Eosinophilic fasciitis in Adult
Classically, EF presents with symmetrical edema and woody induration of the affected extremities but sparing the hands, feet, and face, which progresses rapidly to fibrosis, induration, and a peau d'orange appearance due to the depth and extent of inflammation and fibrosis. It is usually accompanied by pain and joint contractures resulting in a decreased range of motion and paresthesias. The skin in EF is often bound down, accentuating the natural planes between muscles and vasculature, and revealing linear depressions along superficial veins causing the groove sign.
The cause of the disease is currently unknown. EF affects both sexes, with women more commonly affected than men. Individuals of Northern European descent have been most often reported to suffer from EF. The disease has occurred in patients of all ages, from childhood to the elderly, but most patients are middle aged. A history of strenuous physical activity preceding the clinical findings of EF occurs in approximately 30% of patients. Some researchers have hypothesized that certain environmental exposures, including drugs, toxins, and infections (Borrelia burgdorferi), may be potential causes. In addition, thrombocytopenia, aplastic anemia, myelodysplastic syndromes, and other myeloproliferative disorders are associated with EF. The presence of monoclonal gammopathy has been detected in 16%-33% of patients with EF.
While some authorities believe that EF overlaps with deep morphea and scleroderma, features that distinguish EF are a peripheral eosinophilia (in 60%-80% of patients), hypergammaglobulinemia (in 20%-70% of patients), and an absence of Raynaud phenomenon that is common to systemic sclerosis.

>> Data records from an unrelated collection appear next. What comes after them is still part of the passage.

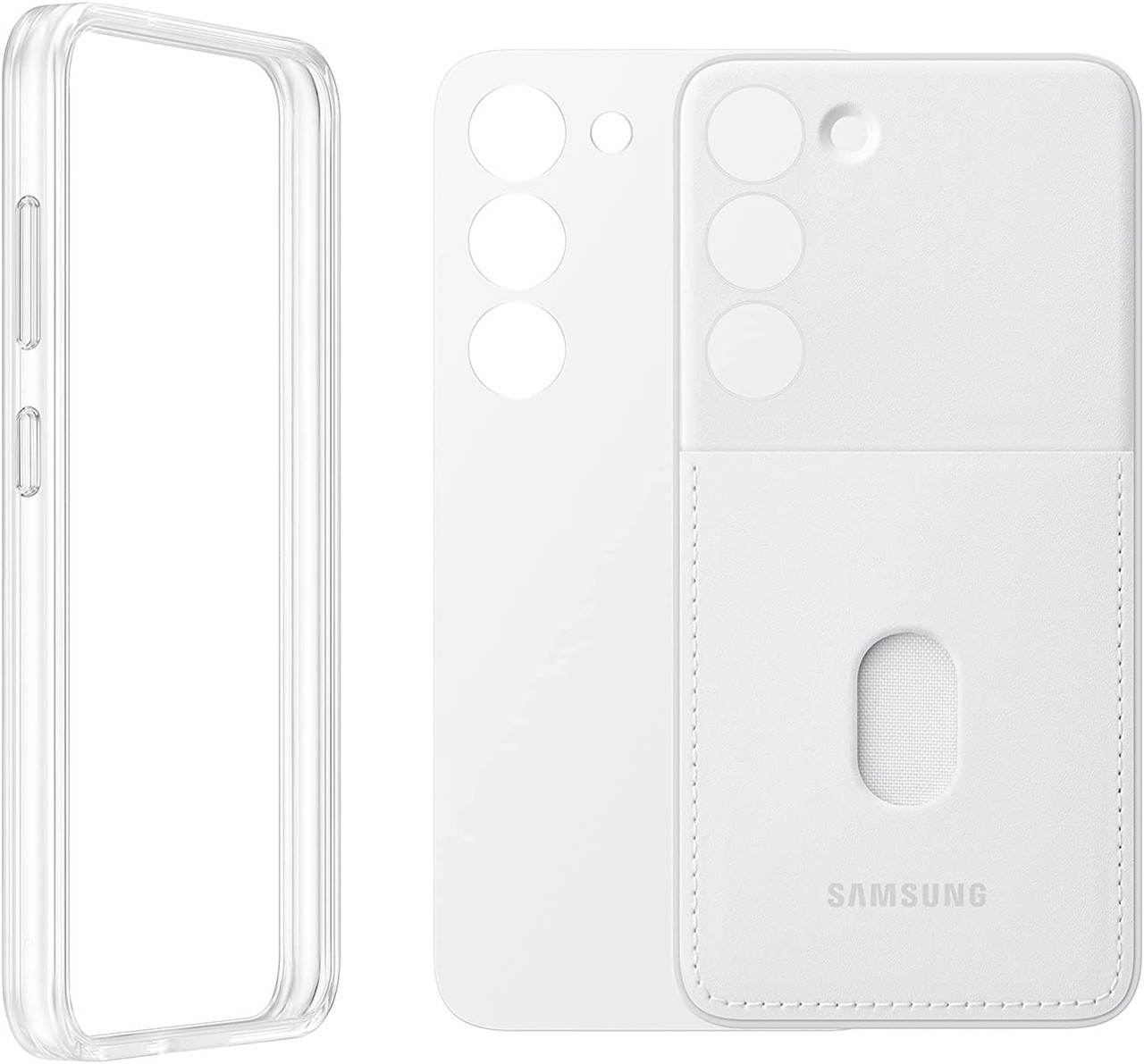 Samsung Galaxy S23 ホワイト 本体　ケース付き SAMSUNG Galaxy S23/S23+/S23 Ultra Frame Phone Case, Dual Look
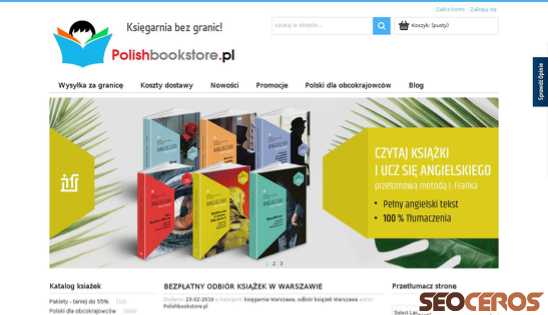 polishbookstore.pl desktop förhandsvisning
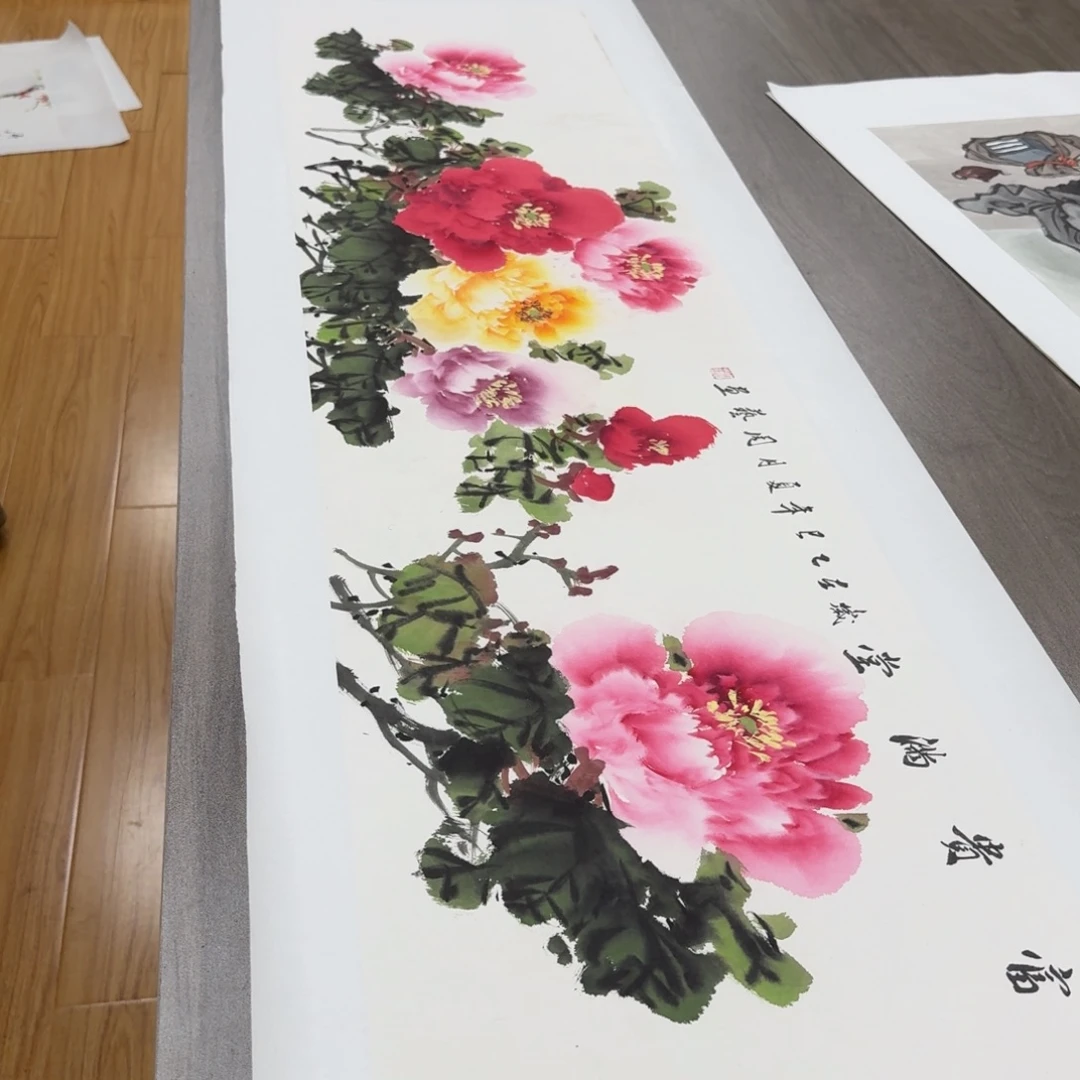 国画国画山水花鸟山水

In a retrospective study, 21 of 60 patients (35%) had concurrent plaque morphea. Antinuclear antibody (ANA) titers are normal. Erythrocyte sedimentation rate (ESR) is usually elevated.
M35.4 – Diffuse (eosinophilic) fasciitis
24129002 – Fasciitis with eosinophilia syndrome
- Scleroderma – A more superficial fibrotic connective tissue disease that is associated with Raynaud phenomenon and internal visceral involvement.
- Morphea – A form of cutaneously limited scleroderma characterized by isolated plaques of the skin; it is usually not as symmetrical, extensive, or abrupt as EF.
- Scleromyxedema – Presents with papules coalescing into indurated plaques on the extremities and is associated with paraproteinemia as well, but biopsy shows a hypercellular and myxedematous superficial fibrosis rather than a deep fibrosis of the fascia.
- Nephrogenic systemic fibrosis – Occurs in the setting of significant kidney disease and is highly associated with the administration of gadolinium-based contrast agents during periods of renal insufficiency.
- Eosinophilia-myalgia syndrome / toxic oil syndrome – In the 1980s and early 1990s, contaminated rapeseed oil and contaminated tryptophan supplements resulted in a disease presentation similar to EF that caused erythema, edema, fibrosis, and joint contractures, but the illnesses disappeared with identification of the contaminated ingestants.